VIOLATO IL DASPO URBANO: NUOVA DENUNCIA PER UN 60ENNE DI SULMONA
Nuova denuncia per un 60enne di Sulmona: violato il daspo urbano, scatta la segnalazione alla Procura
Continua la stretta delle forze dell’ordine contro i soggetti ritenuti socialmente pericolosi. Nel mirino, questa volta, è finito un 60enne di Sulmona che è stato denunciato alla Procura della Repubblica per aver violato una disposizione amministrativa a suo carico. L’uomo, noto alle forze dell’ordine, nei mesi scorsi era stato sottoposto al cosiddetto daspo urbano, il divieto di accesso agli esercizi commerciali della città, dopo una denuncia per lesioni personali aggravate e detenzione di un’arma atta a offendere.
Durante i controlli sul territorio, gli ispettori dell’anticrimine del commissariato lo hanno sorpreso più volte nei pressi di un bar, mentre si intratteneva con il personale. Una presenza considerata incompatibile con il provvedimento restrittivo e che ha fatto scattare la segnalazione all’autorità giudiziaria, culminata nella denuncia a piede libero.
Il 60enne è già coinvolto in altri procedimenti: la Procura nei mesi scorsi ha chiesto il processo per la lite con un’accetta avvenuta in piazza Garibaldi nel febbraio 2023; un’altra indagine riguarda il ritrovamento di una tanica di benzina nella sua auto; infine, è stato recentemente assolto con formula piena dall’accusa di possesso ingiustificato di coltello, perché «il fatto non sussiste».

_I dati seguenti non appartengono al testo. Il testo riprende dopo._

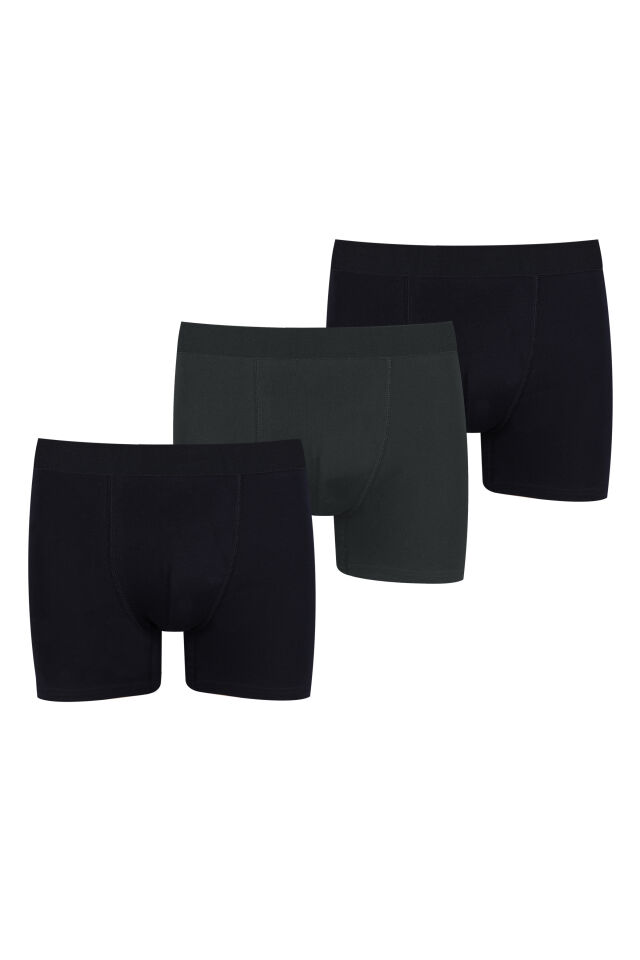 Erkek 3'lü Pamuklu Likralı Boxer Siyah - Füme - L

L’uomo, dal canto suo, protesta sostenendo che il daspo urbano risulti difficile da rispettare in una città di piccole dimensioni: «Non so più come devo fare. Tutti i bar e i locali si trovano vicino a punti vendita che erogano servizi essenziali. Nelle piccole città è così».

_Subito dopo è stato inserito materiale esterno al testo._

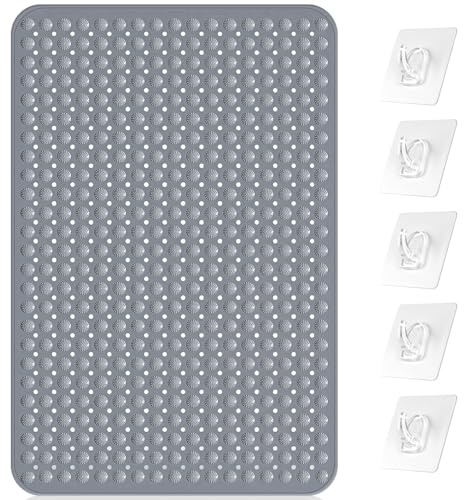 Alfombrilla Ducha Antideslizante con Ventosas y Agujeros Drenaje y 5 Ganchos, Alfombra Ducha PVC 80x120cm, Esterilla Masaje Bañera Baño Cuadrada Lavable Máquina para Saunas y Duchas Zonas Húmedas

Nel frattempo, la polizia prosegue nella sua strategia di prevenzione. Sono dieci i provvedimenti richiesti al Questore – tra daspo urbano e foglio di via – nei confronti di altrettanti soggetti che, nell’ultimo periodo, si sarebbero resi protagonisti di episodi violenti, molti dei quali legati alla movida. Un’attività costante che mira a contenere comportamenti ritenuti pericolosi per la sicurezza pubblica.